→ **DESCRIPTION OF THE TASK**
All that should come back is the lines of the data below from the one containing "요즘 나오는 초고성능들... ㅠ,.ㅠ" to the one containing "促销活动：京东 超市领好券 领取低温牛奶199减100/99减40五折优惠券", inclusive, exactly as they stand.

→ **ENTRIES SUPPLIED**
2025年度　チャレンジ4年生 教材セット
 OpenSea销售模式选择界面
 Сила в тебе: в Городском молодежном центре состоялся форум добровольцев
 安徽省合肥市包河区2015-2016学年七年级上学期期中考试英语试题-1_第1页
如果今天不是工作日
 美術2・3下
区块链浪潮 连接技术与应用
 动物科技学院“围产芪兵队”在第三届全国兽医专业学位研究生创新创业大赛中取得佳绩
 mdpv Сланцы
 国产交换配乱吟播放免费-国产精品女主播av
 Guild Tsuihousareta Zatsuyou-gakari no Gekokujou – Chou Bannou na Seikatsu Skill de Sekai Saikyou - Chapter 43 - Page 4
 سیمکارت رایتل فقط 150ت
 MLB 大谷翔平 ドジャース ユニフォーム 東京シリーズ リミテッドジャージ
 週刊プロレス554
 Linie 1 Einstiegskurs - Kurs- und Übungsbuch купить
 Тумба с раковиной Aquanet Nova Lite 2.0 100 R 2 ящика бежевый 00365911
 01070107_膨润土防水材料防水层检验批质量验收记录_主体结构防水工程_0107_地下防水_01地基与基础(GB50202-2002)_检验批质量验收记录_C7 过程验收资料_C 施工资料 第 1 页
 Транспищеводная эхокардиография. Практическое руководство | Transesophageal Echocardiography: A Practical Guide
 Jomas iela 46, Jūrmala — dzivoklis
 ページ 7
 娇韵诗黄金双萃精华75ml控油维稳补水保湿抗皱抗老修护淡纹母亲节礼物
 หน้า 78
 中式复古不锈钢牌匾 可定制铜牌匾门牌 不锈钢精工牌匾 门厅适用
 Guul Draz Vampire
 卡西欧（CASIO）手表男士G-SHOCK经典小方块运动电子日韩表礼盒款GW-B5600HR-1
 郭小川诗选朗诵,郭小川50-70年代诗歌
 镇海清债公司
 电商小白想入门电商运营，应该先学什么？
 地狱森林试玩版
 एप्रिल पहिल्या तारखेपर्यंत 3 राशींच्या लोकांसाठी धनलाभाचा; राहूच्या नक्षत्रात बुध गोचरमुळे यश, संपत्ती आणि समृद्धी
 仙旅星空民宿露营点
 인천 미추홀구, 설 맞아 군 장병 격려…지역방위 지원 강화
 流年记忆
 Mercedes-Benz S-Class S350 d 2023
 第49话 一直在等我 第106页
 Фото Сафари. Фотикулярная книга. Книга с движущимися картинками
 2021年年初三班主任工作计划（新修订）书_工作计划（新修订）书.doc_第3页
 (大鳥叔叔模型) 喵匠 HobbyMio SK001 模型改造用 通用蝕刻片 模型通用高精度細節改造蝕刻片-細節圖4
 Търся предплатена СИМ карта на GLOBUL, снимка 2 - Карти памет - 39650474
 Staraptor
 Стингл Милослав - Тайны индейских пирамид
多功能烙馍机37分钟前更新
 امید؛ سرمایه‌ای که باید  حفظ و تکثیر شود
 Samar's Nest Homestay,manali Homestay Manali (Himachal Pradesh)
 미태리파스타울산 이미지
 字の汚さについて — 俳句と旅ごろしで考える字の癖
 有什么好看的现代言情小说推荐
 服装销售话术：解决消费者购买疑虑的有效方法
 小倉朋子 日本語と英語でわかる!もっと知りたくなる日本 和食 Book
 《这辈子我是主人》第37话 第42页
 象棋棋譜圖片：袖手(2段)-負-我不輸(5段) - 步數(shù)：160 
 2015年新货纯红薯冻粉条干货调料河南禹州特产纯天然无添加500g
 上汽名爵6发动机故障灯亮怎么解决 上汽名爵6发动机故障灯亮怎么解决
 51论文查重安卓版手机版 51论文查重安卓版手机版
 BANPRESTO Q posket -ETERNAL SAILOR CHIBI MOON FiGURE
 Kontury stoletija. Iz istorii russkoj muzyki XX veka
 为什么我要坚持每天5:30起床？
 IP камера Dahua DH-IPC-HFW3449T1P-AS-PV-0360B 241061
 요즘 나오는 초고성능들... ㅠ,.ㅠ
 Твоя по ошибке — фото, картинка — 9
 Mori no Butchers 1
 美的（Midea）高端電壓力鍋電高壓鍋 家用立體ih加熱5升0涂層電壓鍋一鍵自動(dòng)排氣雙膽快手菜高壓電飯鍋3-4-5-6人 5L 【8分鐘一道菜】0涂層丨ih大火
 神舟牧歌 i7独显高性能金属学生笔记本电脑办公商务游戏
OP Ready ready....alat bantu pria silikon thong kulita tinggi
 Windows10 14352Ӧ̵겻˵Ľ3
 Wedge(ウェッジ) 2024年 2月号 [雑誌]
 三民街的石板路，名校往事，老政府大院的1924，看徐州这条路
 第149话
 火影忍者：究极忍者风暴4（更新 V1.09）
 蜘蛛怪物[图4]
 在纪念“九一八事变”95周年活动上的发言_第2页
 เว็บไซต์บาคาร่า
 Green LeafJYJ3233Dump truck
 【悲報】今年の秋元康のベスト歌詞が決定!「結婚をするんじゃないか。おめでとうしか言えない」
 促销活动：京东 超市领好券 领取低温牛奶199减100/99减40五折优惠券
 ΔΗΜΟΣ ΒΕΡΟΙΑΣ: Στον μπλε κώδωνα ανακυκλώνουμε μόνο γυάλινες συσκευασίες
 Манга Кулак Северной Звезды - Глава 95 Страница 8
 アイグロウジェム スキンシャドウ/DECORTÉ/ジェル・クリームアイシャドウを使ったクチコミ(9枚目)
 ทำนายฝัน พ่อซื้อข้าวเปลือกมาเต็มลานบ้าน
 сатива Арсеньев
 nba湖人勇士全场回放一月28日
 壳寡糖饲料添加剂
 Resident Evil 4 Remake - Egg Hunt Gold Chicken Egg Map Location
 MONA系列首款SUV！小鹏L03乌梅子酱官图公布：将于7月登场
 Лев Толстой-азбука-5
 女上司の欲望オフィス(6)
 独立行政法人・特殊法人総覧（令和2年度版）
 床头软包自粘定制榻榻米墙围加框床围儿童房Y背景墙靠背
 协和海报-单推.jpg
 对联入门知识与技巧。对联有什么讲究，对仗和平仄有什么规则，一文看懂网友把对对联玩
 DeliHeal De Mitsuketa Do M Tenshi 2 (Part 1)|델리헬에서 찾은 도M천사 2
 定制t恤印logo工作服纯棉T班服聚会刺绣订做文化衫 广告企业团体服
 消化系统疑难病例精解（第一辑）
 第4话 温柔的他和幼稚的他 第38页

→ **SOLUTION**
 요즘 나오는 초고성능들... ㅠ,.ㅠ
 Твоя по ошибке — фото, картинка — 9
 Mori no Butchers 1
 美的（Midea）高端電壓力鍋電高壓鍋 家用立體ih加熱5升0涂層電壓鍋一鍵自動(dòng)排氣雙膽快手菜高壓電飯鍋3-4-5-6人 5L 【8分鐘一道菜】0涂層丨ih大火
 神舟牧歌 i7独显高性能金属学生笔记本电脑办公商务游戏
OP Ready ready....alat bantu pria silikon thong kulita tinggi
 Windows10 14352Ӧ̵겻˵Ľ3
 Wedge(ウェッジ) 2024年 2月号 [雑誌]
 三民街的石板路，名校往事，老政府大院的1924，看徐州这条路
 第149话
 火影忍者：究极忍者风暴4（更新 V1.09）
 蜘蛛怪物[图4]
 在纪念“九一八事变”95周年活动上的发言_第2页
 เว็บไซต์บาคาร่า
 Green LeafJYJ3233Dump truck
 【悲報】今年の秋元康のベスト歌詞が決定!「結婚をするんじゃないか。おめでとうしか言えない」
 促销活动：京东 超市领好券 领取低温牛奶199减100/99减40五折优惠券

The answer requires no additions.